Infância – Tenho muitas imagens da infância, mas para escolher uma, escolho a da mala preta. É uma mala que meu pai guarda até hoje, com carinho. Ela tem relação com um episódio bonito e triste, ao mesmo tempo. A casa onde vivíamos incendiou completamente. Minha mãe era professora e estava em sala de aula quando isso aconteceu. Na volta do trabalho, viu a casa em chamas. Já escurecia e ela pensou que eu e minha irmã mais velha (a mais nova não tinha nascido ainda) estávamos dentro dela. Mas justamente naquele dia, meu pai nos convidou para ir com ele a um bar próximo. Estranhamos o convite, mas o acompanhamos. Foi por esse detalhe que não estávamos dentro de casa quando houve o incêndio. Minha mãe nos viu no meio da multidão, e foi muito emocionante. Algumas pessoas se machucaram, pois houve explosões. O episódio marcou toda minha família, para sempre. Em seguida ao ocorrido, toda a comunidade se mobilizou e reconstruiu nossa casa, muito melhor e mais bonita do que era antes. Mas, antes disso, moramos um tempo sem nada, porque havíamos perdido tudo. No local que ficamos, nos fundos de um bar, o piso foi coberto com serragem, e o cheiro dela, até hoje, traz as lembranças na minha memória. Meu pai guarda até hoje uma mala preta, com todos os registros das doações que recebemos. A arrecadação se iniciou com um funcionário do Banco do Brasil, o Sadi Kern e muita gente aderiu. Em pouco mais de quatro meses tínhamos nossa casa nova. Esse exemplo que tive no início da vida me mostrou que o ser humano pode nos surpreender positivamente, e que vale a pena acreditar.

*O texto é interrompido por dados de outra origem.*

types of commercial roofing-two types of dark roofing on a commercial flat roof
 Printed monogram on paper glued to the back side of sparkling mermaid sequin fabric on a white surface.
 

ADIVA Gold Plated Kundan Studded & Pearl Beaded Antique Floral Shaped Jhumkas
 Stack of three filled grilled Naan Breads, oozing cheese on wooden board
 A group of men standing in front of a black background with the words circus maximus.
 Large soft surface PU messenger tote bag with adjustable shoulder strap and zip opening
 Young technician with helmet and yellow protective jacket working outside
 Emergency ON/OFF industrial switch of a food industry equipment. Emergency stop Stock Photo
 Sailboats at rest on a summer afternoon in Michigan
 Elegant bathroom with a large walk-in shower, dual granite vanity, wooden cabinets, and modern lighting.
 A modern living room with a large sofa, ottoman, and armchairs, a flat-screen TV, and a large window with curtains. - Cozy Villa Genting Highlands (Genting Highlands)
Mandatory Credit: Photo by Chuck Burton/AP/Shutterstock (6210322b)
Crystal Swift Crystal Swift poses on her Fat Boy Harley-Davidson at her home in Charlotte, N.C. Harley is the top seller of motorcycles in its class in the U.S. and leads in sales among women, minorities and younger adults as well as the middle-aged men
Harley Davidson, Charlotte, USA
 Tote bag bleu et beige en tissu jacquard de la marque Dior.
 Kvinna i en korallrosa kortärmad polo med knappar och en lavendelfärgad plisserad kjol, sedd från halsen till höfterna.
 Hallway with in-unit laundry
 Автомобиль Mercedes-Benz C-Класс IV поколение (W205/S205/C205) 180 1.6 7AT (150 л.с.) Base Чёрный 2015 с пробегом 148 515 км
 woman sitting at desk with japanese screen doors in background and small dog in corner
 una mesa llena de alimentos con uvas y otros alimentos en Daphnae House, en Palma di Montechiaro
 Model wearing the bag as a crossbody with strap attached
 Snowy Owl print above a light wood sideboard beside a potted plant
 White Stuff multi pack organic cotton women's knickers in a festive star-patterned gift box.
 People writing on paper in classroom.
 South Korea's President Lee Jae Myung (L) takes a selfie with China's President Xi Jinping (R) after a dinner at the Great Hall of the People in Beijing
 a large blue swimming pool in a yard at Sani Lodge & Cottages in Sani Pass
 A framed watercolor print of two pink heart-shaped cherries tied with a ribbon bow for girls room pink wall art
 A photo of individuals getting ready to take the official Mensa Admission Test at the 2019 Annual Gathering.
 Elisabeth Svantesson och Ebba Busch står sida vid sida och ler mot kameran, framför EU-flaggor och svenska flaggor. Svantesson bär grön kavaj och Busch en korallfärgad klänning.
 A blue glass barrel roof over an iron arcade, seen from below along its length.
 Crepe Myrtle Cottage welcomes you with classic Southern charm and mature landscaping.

Formação – Sou advogada formada pela Unisinos. Integro uma sociedade de advogados em Porto Alegre e dou aulas na Unisinos desde 1992. Vivi na Índia por três anos, de 1998 a 2001, com meu ex-marido, que é físico, e meu filho. Fui para lá a contragosto, pois estava trabalhando e acabava o meu mestrado na PUC, e estava feliz com o escritório que recém se mudara para nova sede. Entre 2003 e 2006 fiz o doutorado em Direitos Humanos, na Unisinos, na área do multiculturalismo, pois queria trabalhar o choque cultural e o diálogo entre culturas. Sou filha desta casa, apesar de ir para lá e para cá. Meu pós-doutorado será na área de propriedade intelectual e informática (Open Access e Universal Access). Gosto de sentir que nunca parei de estudar, e espero nunca parar. O dia que eu parar algo deverá estar muito errado. E é importante buscar horizontes novos e lugares que nos desafiam, que nos fazem respirar. Além de professora do curso de Direito da Unisinos, mantenho a sociedade de advocacia em Porto Alegre. Em função de meus quase 20 anos dedicados à propriedade intelectual e publicações, sou nomeada para perícias judiciais na área de patentes, marcas, direito autoral (plágio, pirataria), não apenas no RS, mas em outros estados.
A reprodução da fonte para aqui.